At the Fortune Brainstorm AI event in December 2025, Navrina Singh of Credo AI laid out a framework that explains why enterprise AI governance keeps failing despite unprecedented executive attention and investment.
The first gap is visibility. Most organizations cannot produce a comprehensive inventory of where AI is being used across the business. Shadow AI tools proliferate on personal accounts. Sanctioned projects exist in departmental silos. Experimental pilots run without central oversight. The average enterprise hosts 1,200 unofficial applications, according to Kiteworks research, and 86 percent of organizations are blind to AI data flows. You cannot govern what you cannot see.
The second gap is conceptual. There is a persistent myth that governance equals regulation. Boards ask about compliance. Committees focus on regulatory requirements. But governance is much broader: it includes understanding and mitigating risk, proving product quality and reliability, ensuring alignment with organizational values, and demonstrating that AI systems actually do what they are supposed to do in production. When governance is reduced to a compliance checkbox, major gaps emerge in operational safety, data quality, and system reliability.
The third gap is literacy. If only a small AI team truly understands the technology while the rest of the organization is buying, deploying, and using AI-enabled tools, governance frameworks cannot translate into responsible decisions. Governance without literacy is theater — the frameworks exist on paper but have no practical effect on how AI is actually used.
These three gaps share a common characteristic: none of them are solved by hiring more people, creating more committees, or writing more policy documents. They require infrastructure.
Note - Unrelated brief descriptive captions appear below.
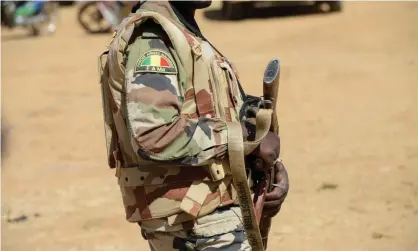  ?? Operations. Photograph: Joerg Boethling/Alamy ?? A file photograph of a Malian soldier on patrol in eastern Mali. The army has long been accused of rights abuses during counterins­urgency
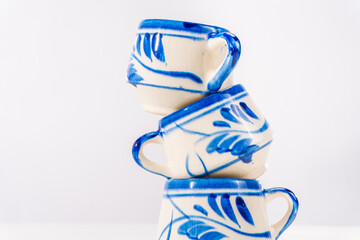 Talavera ceramic cups stacking, traditional mexican pottery craft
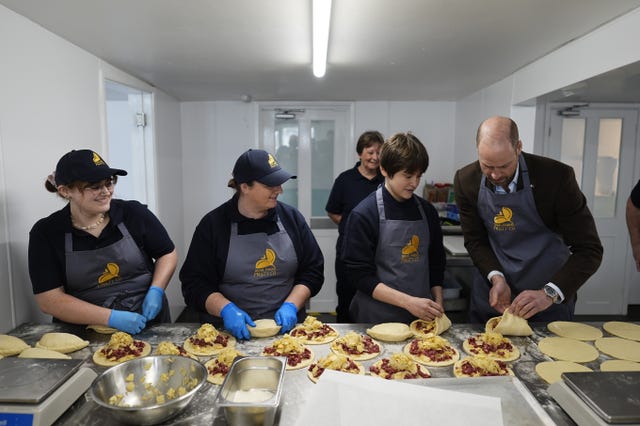 The Prince of Wales, known as the Duke of Cornwall while in Cornwall, tries his hand at crimping pasties during his visit to the Gear Farm Pasty Company, a family-run farm known for producing traditional Cornish pasties in St Martin, Helston, as he visits Cornwall for St Piran’s Day 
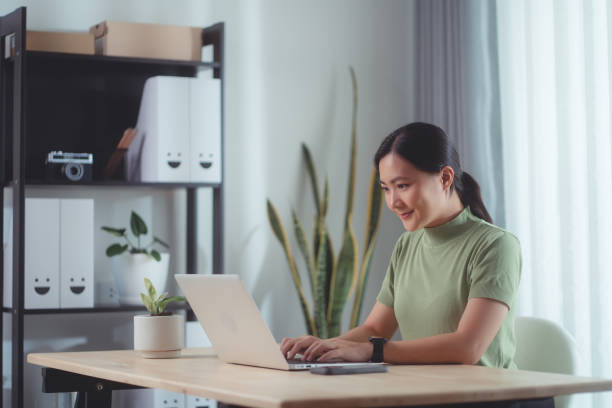 istock Asian woman enjoy with working online using laptop sitting at home office. 1494460244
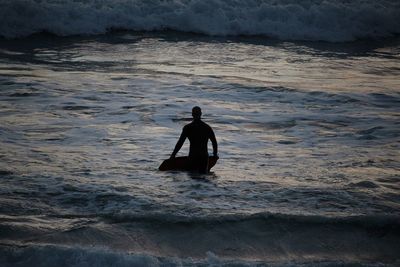 Silhouette man on beach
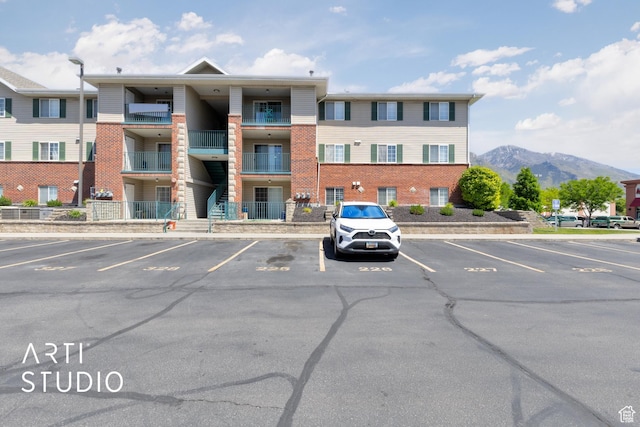 98 W 1230 N Unit 226, Provo, UT 84604 - view of building exterior with uncovered parking and a mountain view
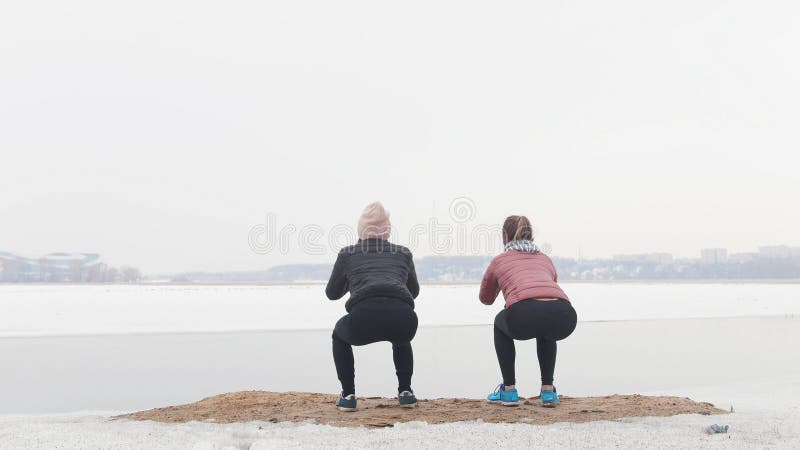 Duas mulheres magros que estão na praia nevado e que fazem ocupas fotografia de stock royalty free Duas mulheres magros que estão na praia nevado e que fazem ocupas fotografia de stock royalty free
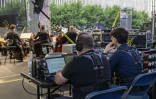 Des ingénieurs du son contrôlent les  vestes tactiles portées par des spectateurs lors d'un concert en extérieur au Lincoln Center de New York, le 22 juillet 2023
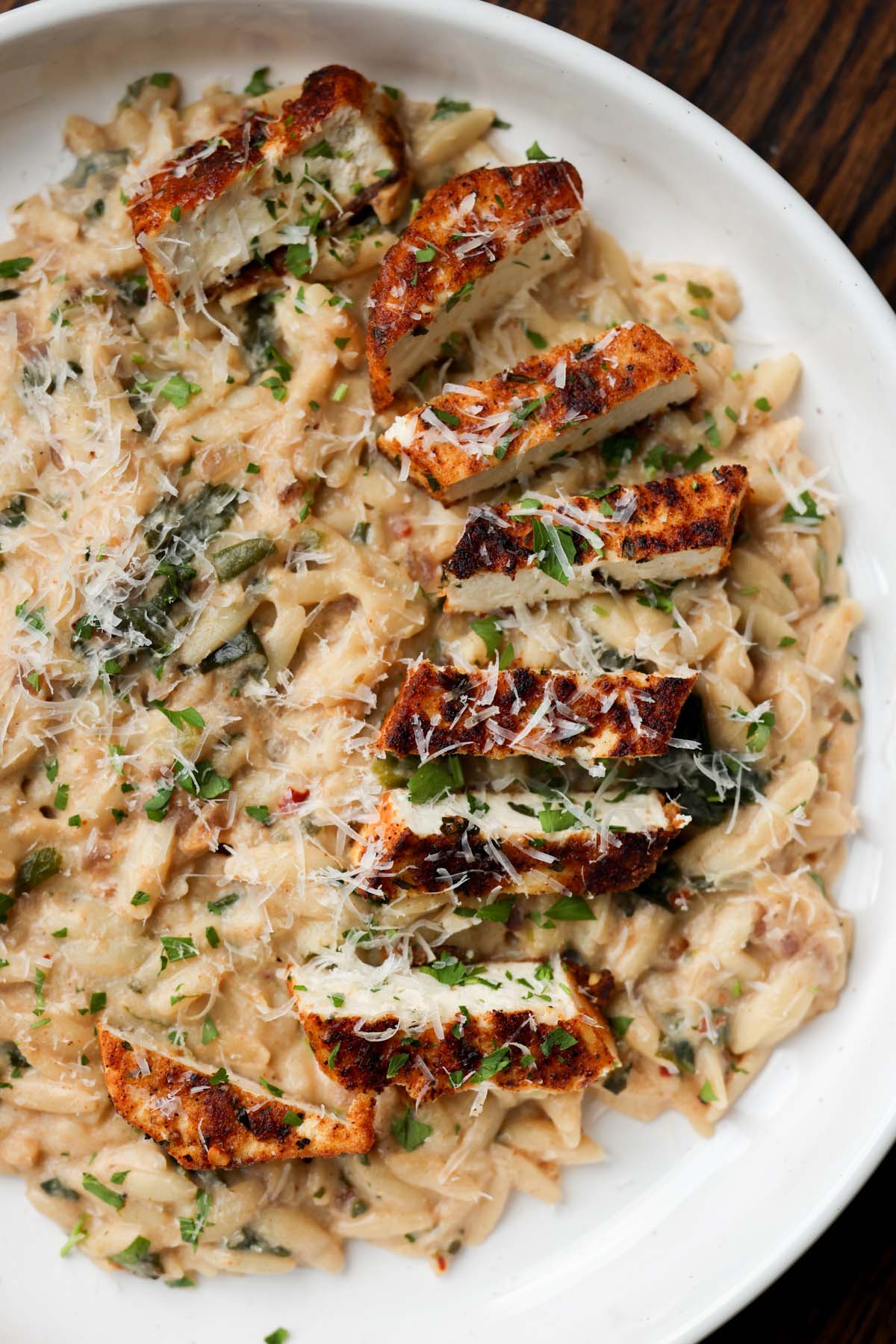 garlic parmesan orzo on a plate with the crispy tofu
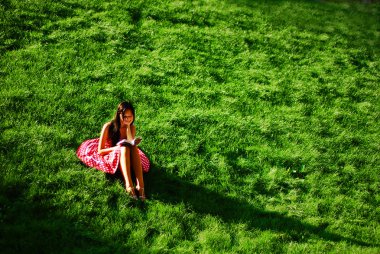 Girl with a book sitting on the grass clipart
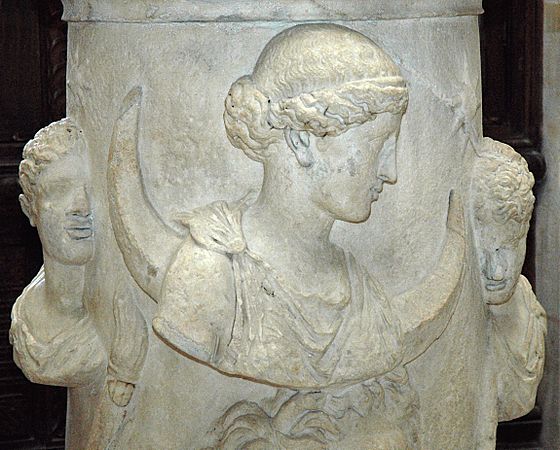A close up of the face on a statue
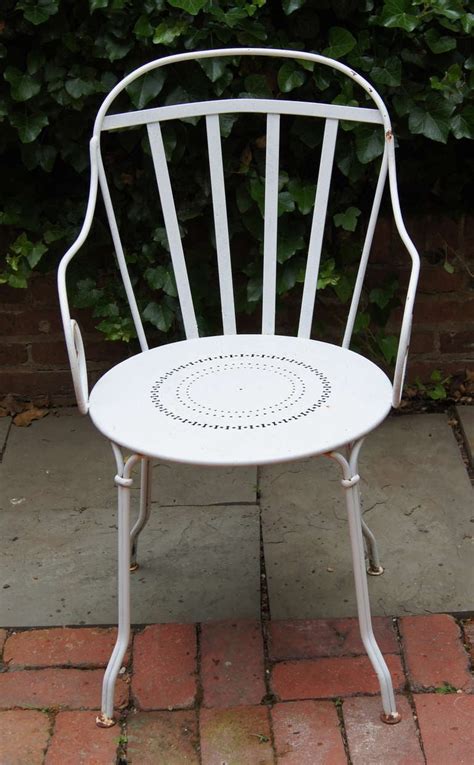 The hand applied white finish frame is crafted of fully welded cast aluminum. Set of Six Wrought Iron Outdoor Dining Chairs at 1stdibs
Visibility requires a network-layer system that can discover and inventory every AI interaction in the enterprise, regardless of whether it was sanctioned. Conceptual clarity requires a policy engine that enforces not just regulatory requirements but organizational data classification, quality standards, and ethical guidelines. Literacy requires governance tooling that is transparent enough for non-specialists to understand what it is doing and why.
The 86 percent of Fortune 500 companies that are not AI-ready are not lacking commitment. They are lacking the operational infrastructure that converts commitment into capability.